If SmtpConfig is a vanilla dataclass, repr() will leak the password. Verify in notify_bridge_core.notifications.email.client — add field(repr=False) or a custom __repr__.

### [L-9] noqa BLE001 count is high

49 occurrences across 26 files. Each defensible; consider narrowing where possible.

### [L-10] _normalize_for_json does not handle UUID/Decimal

File: [packages/server/src/notify_bridge_server/services/deferred_dispatch.py:124-133](../../packages/server/src/notify_bridge_server/services/deferred_dispatch.py#L124)

No current consumer emits these, but a fallback str() for unknown types would prevent future breakage.

---

## Approval Verdict

**Block** — CRITICAL findings (C-1 unstored task, C-2 missing rollback, C-3 unauthenticated body read, C-4 racy counters, C-5 secret-mask audit) must be fixed before declaring production-ready. Once those are addressed, the HIGH findings can land in a follow-up.
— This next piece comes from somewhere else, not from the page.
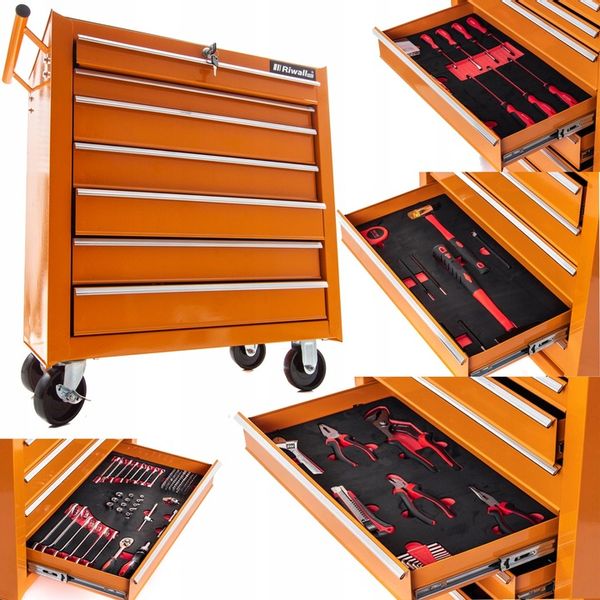 SZAFKA POMARAŃCZOWA WARSZTATOWA WÓZEK NARZĘDZIOWY 688 EL. PRO 7 SZUFLAD zdjęcie 1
## Quick Wins (low effort, high value)

1. **Wrap every fire-and-forget asyncio.create_task in a module-level set** — search for asyncio.create_task( with no assignment. Definite hit: ha_subscription.py:249.
2. **Move webhook-secret check before _read_bounded_body** in Gitea + generic webhook handlers — 5-line move per endpoint, eliminates pre-auth resource exhaustion.
3. **Add an asyncio.Lock around _poll_failure_counts and _target_failure_counts** mutations — eliminates C-4.
4. **Split migrations.py** — mechanical refactor, ~1 hour, improves blame/review.
5. **Batch the receiver query in backup_service.export_backup** — single IN (...) query, ~10x faster.
6. **Replace from .database.models import \*** with explicit imports — small clarity win.